Countering with a missile is going to be difficult, consider that it took New Horizon about 9 hours to fly past the Moon after launch, and this is the fastest spacecraft yet built. That is a lot of seconds for the gunnery officer to use when carving incoming spacecraft into finer and finer slivers.

In the Atomic Rockets website, the mechanics of such a Ravening Beam of Death (RBoD) are discussed in the Space Warfare section, a Free Electron Laser (FEL) can generate a beam at x-ray frequencies capable of vaporizing metal, ceramic or carbon fibre in milliseconds at one light second range, but the electron beam accelerator would be one kilometre in diameter. Rocketpunk Manifesto has a multitude of posts devoted to space warfare, and the only counter for a RBoD is to flood the sky with tens of thousands of tiny kinetic energy projectiles, a saturation attack where the number of targets is far more than the beam can effectively destroy before they impact. The name these were given was "Soda Cans of Death" (SCoD) based on the calculated size.
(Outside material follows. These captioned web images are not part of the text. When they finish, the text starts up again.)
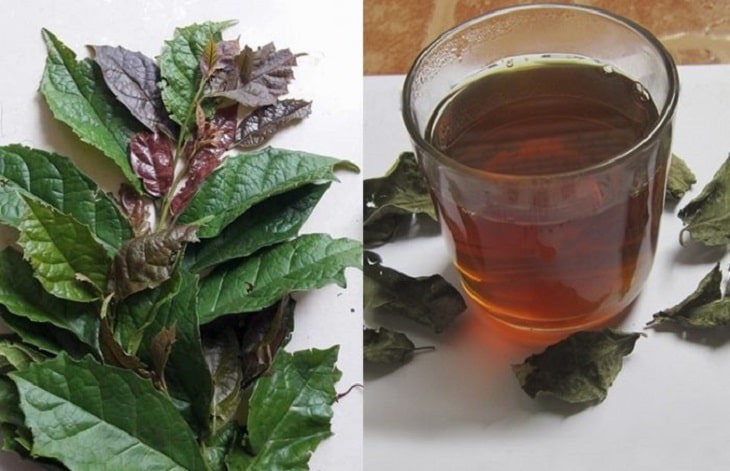 Ảnh minh họa. Nguồn ảnh: Internet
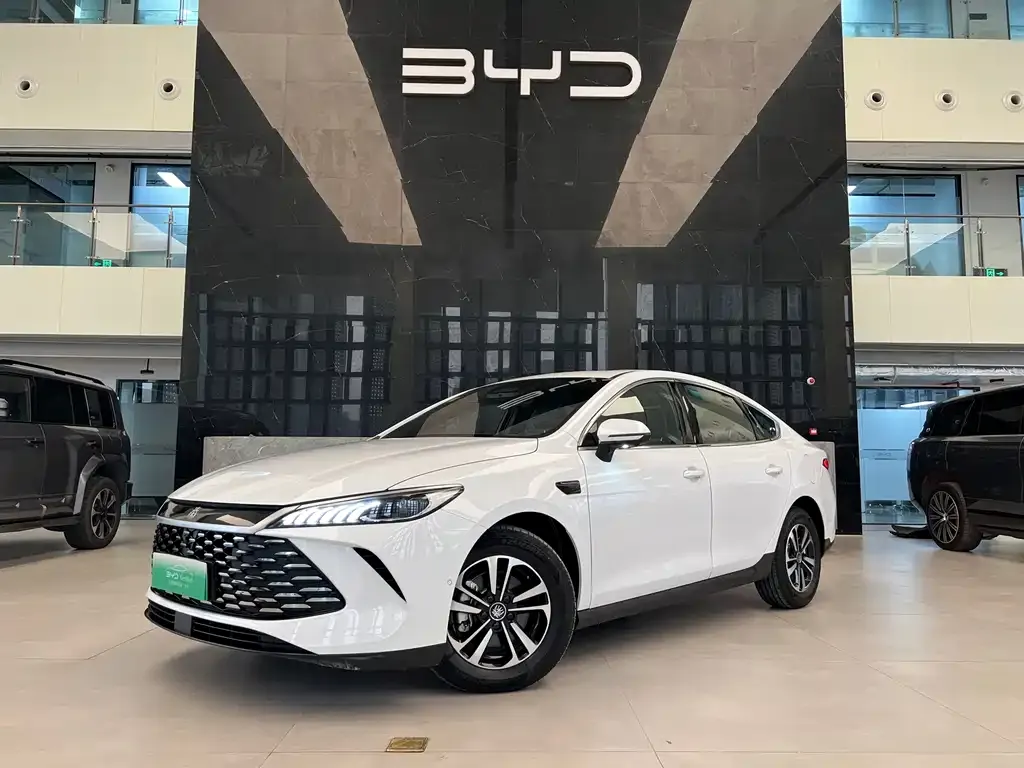 BYD Qin PLUS — фото 1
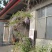紫藤1~2cm1~1.5米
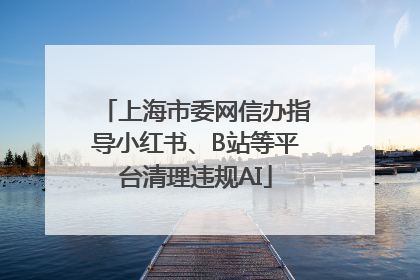 上海市委网信办指导小红书、B站等平台清理违规AI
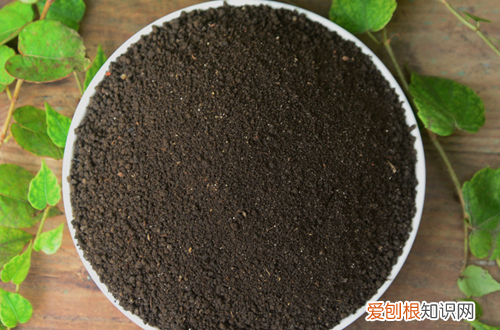 种花怎么选好土壤 种花怎么选好土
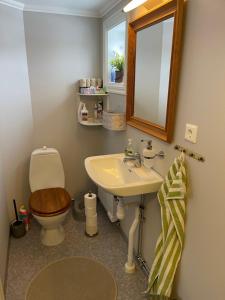a bathroom with a toilet and a sink and a mirror at Carina & Peters Place in Kristdala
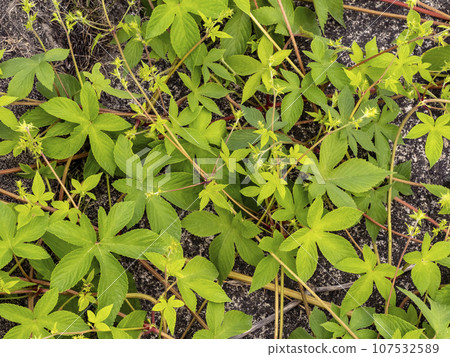 Female flowers of Cannagram blooming on the roadside Female flowers of Cannagram blooming on the roadside 107532589
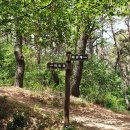 무룡산-KT중계소 이미지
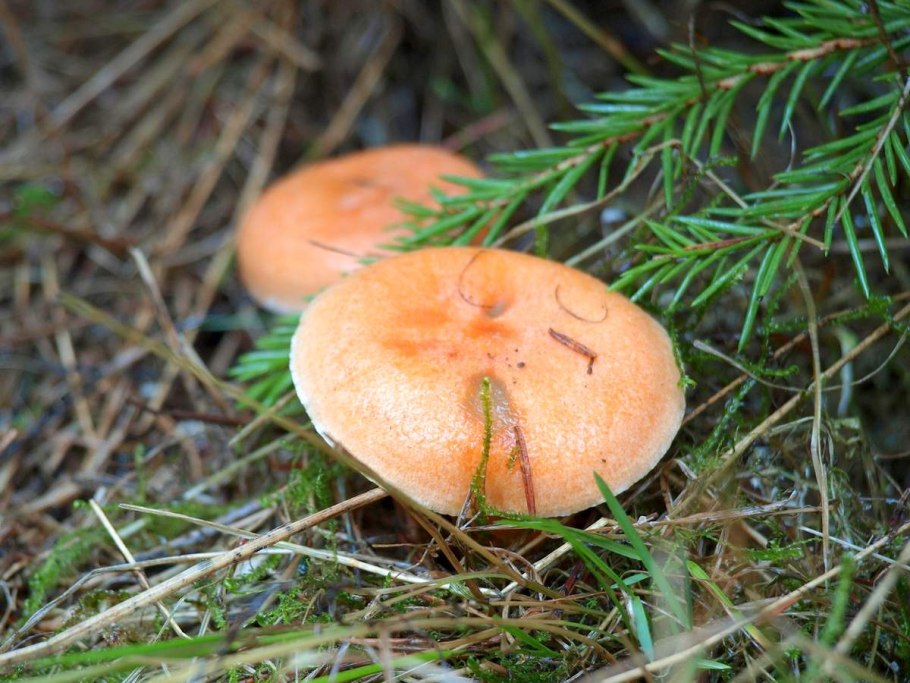 Рыжик Сосновый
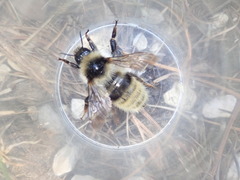 Bombus mucidus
So space warfare isn't a linear exercise. Pickets of long range sensors will be able to see incoming spacecraft from huge distances (the Space Shuttle's main engine could theoretically be detected if the SSME was fired near Neptune, and even the small manoeuvre thrusters could be seen from as far away as the Asteroid belt from Earth), the real limiting distance is based on how fast the weapons or ships travel, since they can be engaged at the speed of light. The only weapon which has no effective counter that I know of would be a missile coming in at relativistic velocity. When you see it, you are seeing its position in the past, so intercepting it will be almost impossible with any known technology.